The following year, his mother, Prime Minister Indira Gandhi, appears to have induced Rajiv, an airforce colonel at the time, to enter politics. He stood successfully for election in 1981 and became a political adviser to his mother.

After Indira Gandhi’s death of leukemia in 1987, Rajiv Ghandi succeeded her as leader of the Congress Party, and was sworn in as Prime Minister of India. Rajiv rode on a wave of popularity associated with the name of Gandhi, but had himself few ideas of what to do with his office. He was, as all indians, keen on keeping India among the most powerfull nations in both the Commonwealth and the world and sought to increase Indian investments in modern technology and the armed forces. Gandhi was more of a technocrat, than a true politician.

Gandhi among other things committed Indian troops, the so-called Indian Peace Keeping Force (IPKF), to Ceylon, or Sri Lanka as the natives insist on calling it, in an endeavor to help the government there to eradicate militant separatists. The hihgly modern Indian force got caught in a nasty guerilla war in which it had no training or equipment, nor the doctrine to handle. Losses were heavy and the Indians soon resolved even the slightest skirmish with the use of the heaviest firepower possible and massive air strikes.

In 1993, the Indian public had grown weary of the Ceylon War, and Gandhi was eased from power. His replacement, Vishwanath Pratap Singh, offered him the post of General-Secretary of the British Commonwealth of Nations and begun to work on it. As India by far are the dominant nation when it comes down to the numbers of votes in the Commonwealth the other nations reluctantly supported Gandhi in the name of unity.
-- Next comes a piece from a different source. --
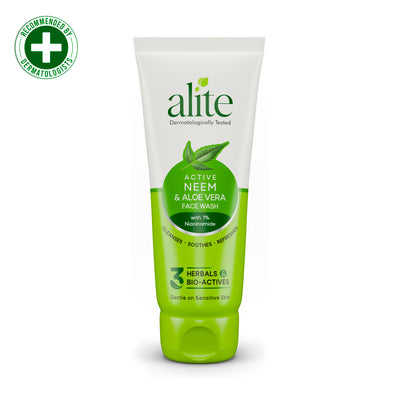 ALITE NEEM & ALOEVERA FACE WASH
In 1994 Ghandi was elected as General-Secretary of the British Commonwealth of Nations as the second indian since Lal Bahadur Shastri in 1959.
 
G.Bone said:
Who is ruling in '01 to '04?
I'm not sure which present politician would fit the bill, G... Michael Portillo perhaps? Nah, he'll be an excelent PM! :)

Other comments?

I hope to post the next part tomorrow and a post on India soon!

Best regards and all!

- B.
 
Mr.Bluenote said:
Very true, Kyle! So, would it do, if the French sat up their joint space programme in Algiers? After being a part of France since the mid-1800’s, home for their nuke testing and an oil producer, I suppose the infrastructure etc etc would be in place.
Yeah, but they give up Algeria in 1963 or whenever it was. So, either De Gaulle actually keeps his promise to keep Algeria, or they somehow perhaps learn from their Indochina debacle, and learn to deal with insurgents by methods other than wiping out villages, etc... And keep Algeria, or at least keep friendly with it.

Oh, Kyle, what do you think of the South African post? Is it too far out?
To be honest, it seemed like a bit of a handwave. "Oh yes, um, famous General takes over, crushes all opposition, benevolent despot. Yeah."

But I don't see what else you can do. South African affairs could be a whole detailed scenario all by themselves. Your problem is that your scenario is dealing with affairs of the whole world, so whatever you do, there's always some little area you missed, some area for people to nitpick.

If Smuts' Africa were the focus of your scenario, I'd be picking holes in it. But the main point of your scenario is space affairs; South Africa's a footnote. So, the handwave will do:)
 
MoS, part XI

Part XI
If we long to believe that the stars rise and set for us, that we are the reason there is a Universe, does science do us a disservice in deflating our conceits?
- Carl Sagan.

The moon sailed on contented,
Above the heaps of slain,
For she saw that manhood liveth,
And honor breathes again.

- George S. Patton, The Moon and the Dead.

During the 1980’s a full scale arms race in space began as the USSR and the USA followed the lead of Britain and the Commonwealth of Nations and themselves began to militarize space with disturbing haste. In its wake the Commonwealth under the leadership of the British PM, Margaret Thatcher also begun to deploy a broad spectrum of multi-function satellites and armed space platforms, socalled MOWS (Manned Orbital Weapons System), in increasing numbers.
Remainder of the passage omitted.